Review: THE BERLIN FILE 베를린 (2013) | Casey's Movie Mania | Movie Reviews, Features & Others

Saturday, 6 July 2013

Review: THE BERLIN FILE 베를린 (2013)

THE BERLIN FILE is blessed with some stunning action set-pieces, but this big-budget South Korean espionage thriller suffers from an overstuffed plot, labored pace and underdeveloped characters.
 

As one of South Korea's highly-anticipated movies of 2013, it's hard to ignore THE BERLIN FILE -- especially with A-list cast (Ha Jung-Woo, Han Suk-Kyu, Ryoo Seung-Bum and Gianna Jun) and a top action director (Ryoo Seung-Wan of THE CITY OF VIOLENCE and THE UNJUST fame) involved in this big-budget espionage thriller filled with international intrigue, double-crosses and political paranoia reminiscent of the popular BOURNE franchise and John Le Carre's spy novels. What's more, the movie proved to be an instant box-office hit in South Korea. But too bad the movie itself is nothing more than a half-baked espionage thriller that tries too hard to match the complexity and the intensity of the BOURNE franchise and of course, the country's own 1999 landmark blockbuster SHIRI -- only to come up short.

WHAT IS IT ALL ABOUT?

Set in Berlin, the movie opens at Westin Hotel where an arms deal takes place between a North Korean operative Pyo Jong-Seong (Ha Jung-Woo), a Russian broker and an Arab military activist.

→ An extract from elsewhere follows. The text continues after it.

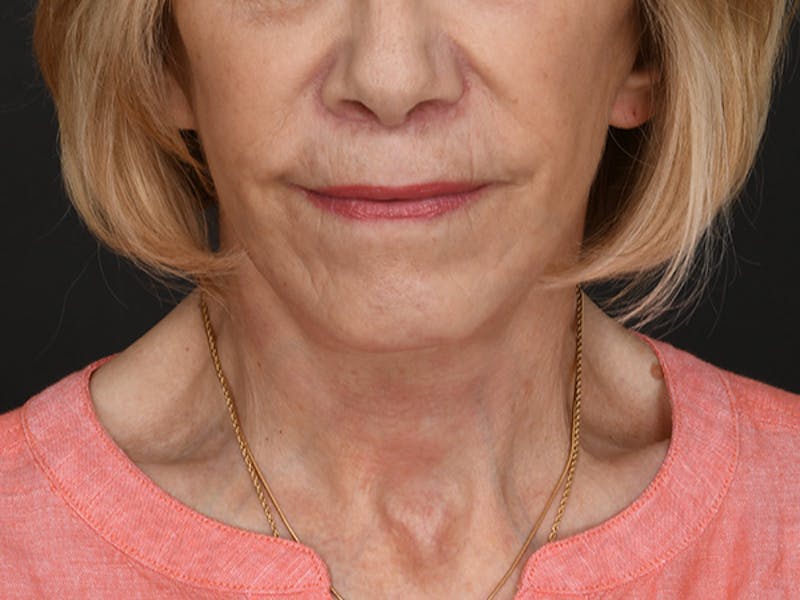 Neck Lift Before & After Gallery - Patient 278408 - Image 6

But it doesn't take long before all hell breaks loose when a sudden raid from a team of heavily-armed Israeli Mossad comes charging into the room with hails of gunfire. Complicating matters are the arrival of South Korean agent Jung Jin-Soo (Han Suk-Kyu) who has been wiretapping over the arms deal, and chases Pyo over at the rooftop and confronts him. However, a tense fight ensues and Pyo manages to escape in the end. As Pyo is trying to figure out what went wrong with the arms deal, he gets an early warning from his North Korean ambassador Lee Hak-Su (Lee Kyung-Young) that another North Korean operative named Dong Myung-Su (Ryoo Seung-Bum), who is the son of a high-ranking North Korean official, is sent to Berlin to rat out a traitor. Things get even more complicated when Pyo's estranged wife, Ryun Jung-Hee (Gianna Jun), who works as Lee Hak-Su's interpreter, is suspected of treason.

THE GOOD STUFF
 
Ryoo Seung-Wan is at his best when comes to technical fronts. The action is impeccably staged with sheer intensity -- especially the fight sequences -- that you can almost feel the blow. The rest of the technical skills -- from sound, production design, and cinematography -- are all equally top-notch.

MOST MEMORABLE MOMENT(S)
  
Two intense hand-to-hand combats -- one which sets in a cramped apartment, and another one sets in a climactic finale in the open field -- are remarkably exhilarating.

THE BAD STUFF
  
Where Ryoo Seung-Wan excels in the technical department, he isn't skillful enough when comes to handling a complex storyline. Don't get me wrong, the plot does sounds potentially intriguing but the overall execution is disappointingly patchy all over the place. Not to mention the plot is overly convoluted and feels confusing at the same time. The A-list cast is solid but too bad their characters are underutilized, especially for Gianna Jun's wasted performance who doesn't have much to work with. Even as strong as the action manages to entertain the viewers, it's really baffling that Ryoo Seung-Wan has to rely on bad CG (particularly involving explosions) to enhance its effects.
  
FINAL WORDS


Overall, THE BERLIN FILE is a missed opportunity because it really has the potential to become one of the best South Korean espionage thrillers ever made.